Farmer distress is high on the agenda – obviously the largest vote bank. If the farmers are not appeased, it will be certain that 2019 fight could be tough. To ensure that the BJP gets a thumping victory, maybe a clear mandate like five years ago, this will be its opportunity to pull all stops, empty the coffers; fiscal deficit be damned!

This is exactly what any party at the helm would have done, be it the UPA or even the non-existent Mahagatabandhan. For any ruling party, with elections just a couple of months away, there will be no bigger canvas than what this interim budget gives.

The market knows all this and which is why we see the indices down in the red, looking almost hopeless and despondent.

Increasing allocation to MGNREGA, Ayushman Bharat and even direct transfer of money to farmers as a “support” could get announced. Increasing Institutional Farm Credit, increasing corpus of Agri-Market Infrastructure Fund, more funds for PM’s Krishi Sinchai Yojna-Har Khet ko Pani scheme and many more such farmer oriented schemes will be the central theme.  

This will mean money which would have been used for making the much needed infrastructure will now get diverted to these schemes. But how will all this happen without toppling over the fragile cart of fiscal deficit would be keenly watched.

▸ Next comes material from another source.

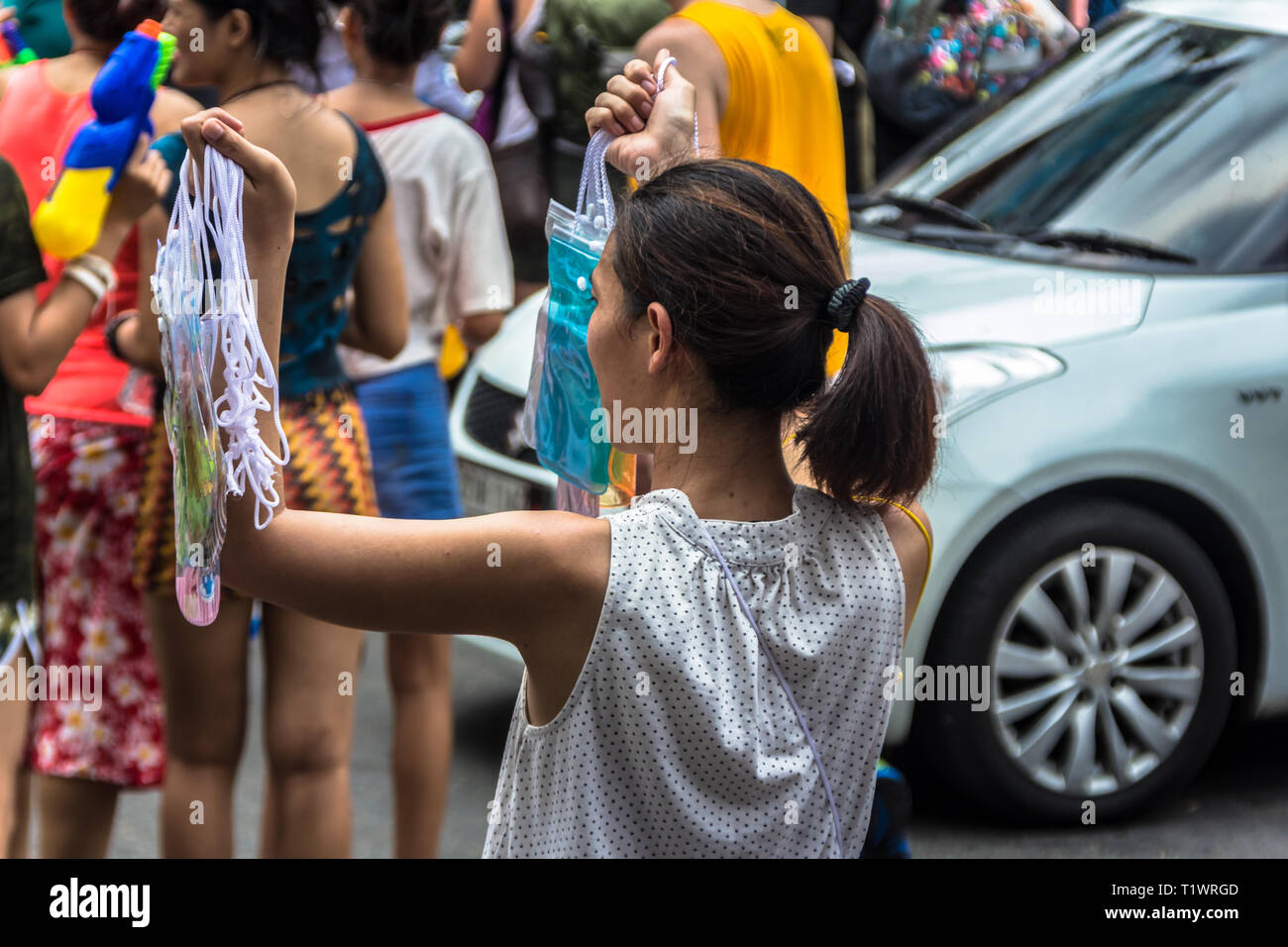 Eine Frau Straße Verkäufer in Khao San Road in Bangkok, Thailand Stockfoto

Talking about infra build, we could see Bharatmala and Sagarmala getting more allocations; majority of the capital outlay for infra will be for building roads and railways. Of course, there is the big promise of Housing for all by 2022. Keeping that goalpost in mind, the Govt might allocate spending more on rural housing and roads.

For the banking sector, the news today is that before end of Feb itself, PSU banks will get the final infusion of Rs.54,000 crore. This is part of the Rs.1.06 lakh crore recapitalization announced for FY19 v/s Rs.88,139 crore in FY18. Before end of Dec’18, the Govt had already provided for Rs.51,533 crore to some PSU banks.

What about the taxation? The indirect taxes is anyway now ruled by GST which is turn is ruled by the GST Council – the main decision maker for GST rates. Reversal of excise duty on fuel will not happen and maybe we will see some tinkering on the customs duty front. On the personal income tax front, maybe small changes in rates or slabs could happen – after all the middle class earning group also needs to be appeased!

So all in all, this Budget will be all about appeasement and less about logical income and expenditure statement. The fiscal deficit and the percentage of slippage is what the FIIs will watch keenly.

To put in bluntly, this is a no-interest Budget, more like an extended election campaign.